Trooper Sutton conducted a license check and a criminal history check (“Triple I,” or the Interstate Identification Index) of Defendant through the Nebraska State Patrol dispatch, which typically takes five to ten minutes. While Trooper Sutton performed the tasks associated with the traffic violation, Trooper Sutton engaged Defendant in conversation. Trooper Sutton asked Defendant where he was coming from, and Defendant replied he was coming from Arizona to Las Vegas to Chicago to see his “baby mama,” and to see his daughter who now lives in Chicago. Trooper Sutton testified Defendant's volunteering of more information than he asked for was suspicious. Trooper Sutton also testified south Arizona and Las Vegas are known as distribution hubs of illegal narcotics for transportation east to other large cities such as Chicago. (TR. 59-60; Ex. 2 at 4:00-4:57). Trooper Sutton testified that during their conversation, Defendant did not know the last name of his passenger, whom Defendant had stated was his uncle, which Trooper Sutton also found suspicious. Defendant also initially stated his passenger was his uncle, then later stated he was his mother's cousin. (TR. 60). On cross-examination, it was clarified that Defendant actually stated he could not pronounce his uncle's surname, not that he did not know it. (TR. 98). When Trooper Sutton inquired about what Defendant's girlfriend did for a living, Trooper Sutton testified Defendant hesitated before answering she was a nurse. When Trooper Sutton asked Defendant where he was staying in Chicago, he replied he did not have to be back until Sunday, which Trooper Sutton observed would be a fast turnaround for driving halfway across the country. When Trooper Sutton asked Defendant where he stayed last night, Trooper Sutton believed Defendant deflected the question and instead answered that “all the rooms were full, they closed the door,” and began talking about the pickup's tires. Defendant also stated he and his passenger were switching as drivers, which indicated to Trooper Sutton they were driving through the night, and driving a long distance in a short amount of time. (TR. 60-66, 103, 105; Ex. 2 at 4:57-10:55).

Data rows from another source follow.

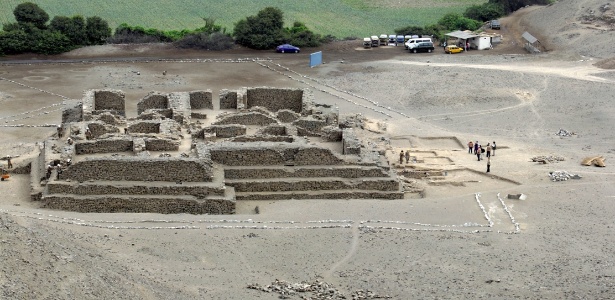 Encontrado no sítio arqueológico de El Paraíso, na região central do Peru, o templo de 5.000 anos tem uma estrutura que seria usada para manter uma fogueira para oferendas cerimoniais - Ministerio de Cultura/AFP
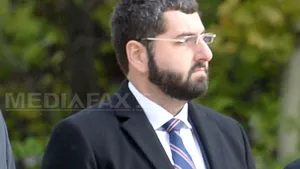 Băsescu a semnat eliberarea din funcţie a lui Bogdan Oprea, purtător de cuvânt al Preşedinţiei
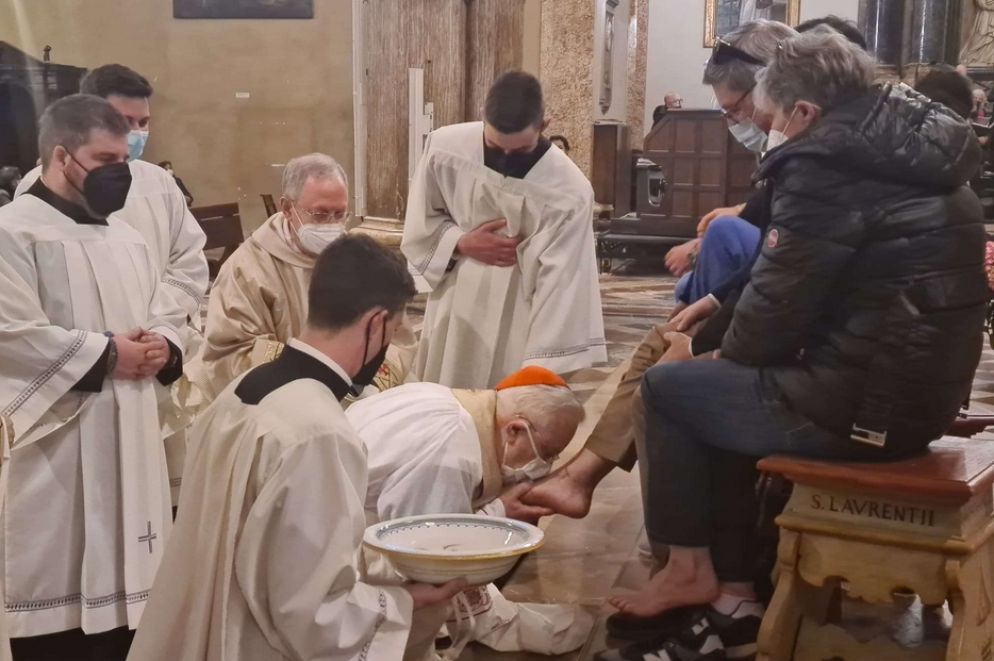 Il cardinale Bassetti durante il rito della lavanda dei piedi - Arcidiocesi di Perugia-Città della Pieve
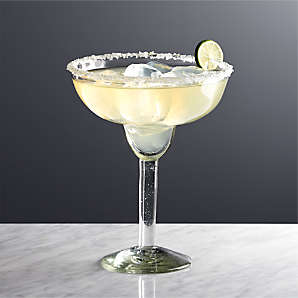 What Is The Proper Glass For A Margarita?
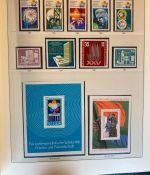 DDR Sammlung postfrisch - 1966-1990 komplett in 2 Sieger Vordruckalbum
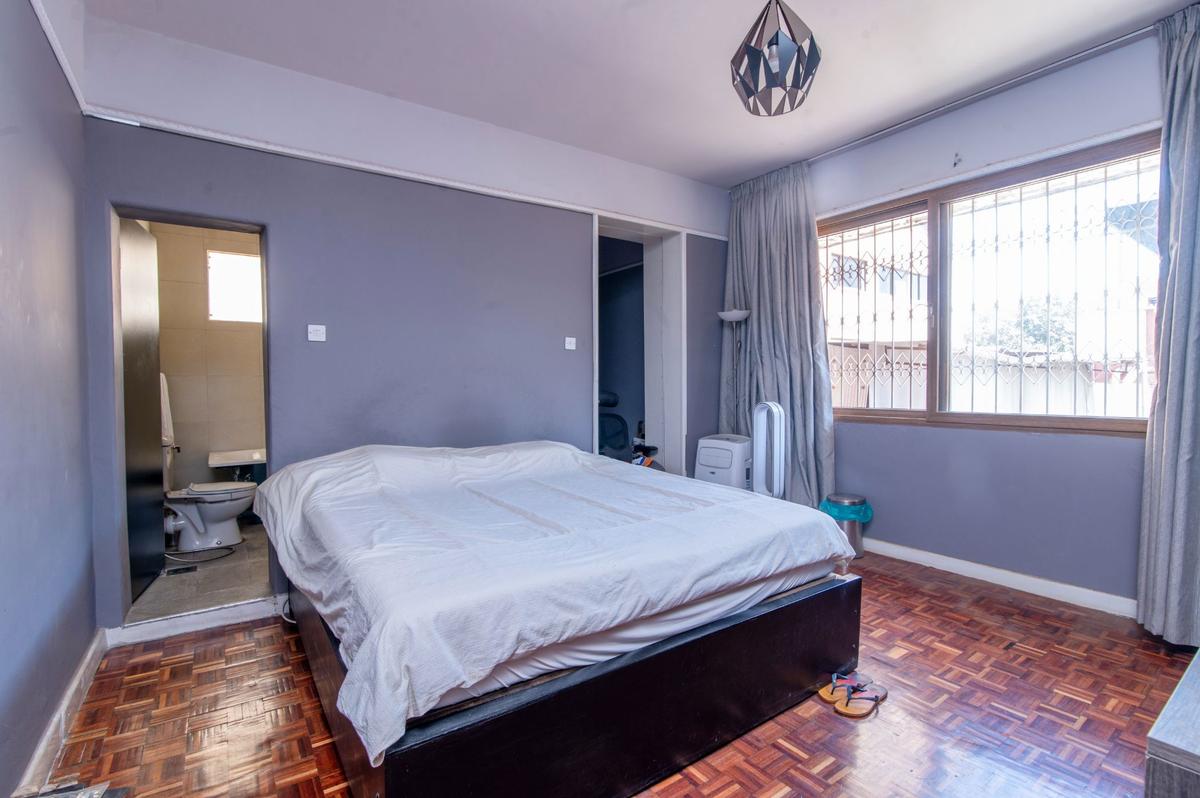 5 Bed Apartment with En Suite in Parklands - 17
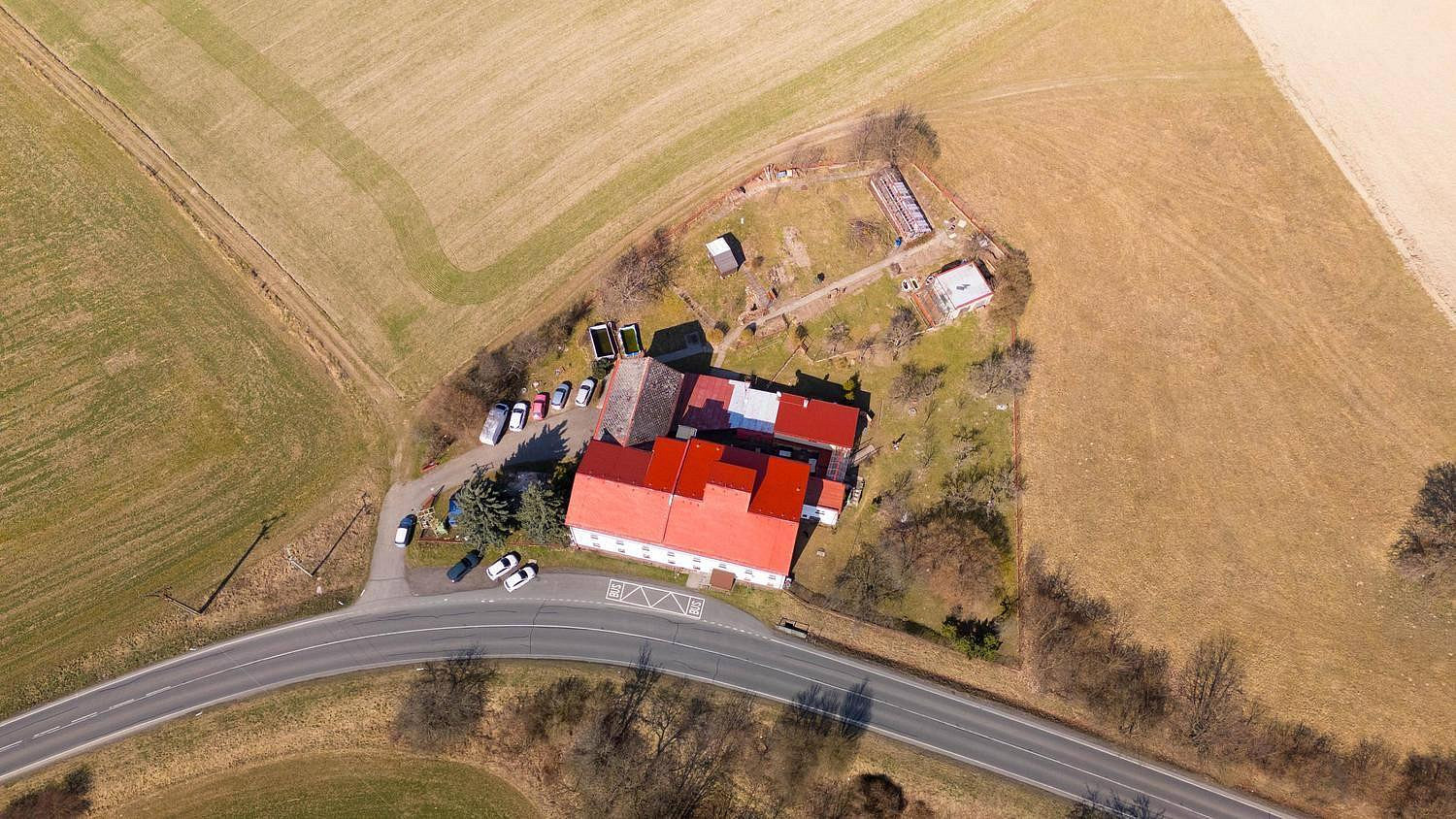 Prodej ubytovacího objektu 930 m² – fotografie 2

Trooper Sutton looked through the rental car paperwork Defendant provided. The rental contract indicated the car was due back in Arizona the following day, but Defendant had stated he did not know how long he was going to be in Chicago. (TR. 63-65, 68; Ex. 2 at 9:27-10:55). Trooper Sutton returned to the pickup to speak to the passenger. When Trooper Sutton asked what his relationship to Defendant was, the passenger replied Defendant was his nephew, which was inconsistent with Defendant's statement. (TR. 66-67; Ex. 2 at 10:55-12:26).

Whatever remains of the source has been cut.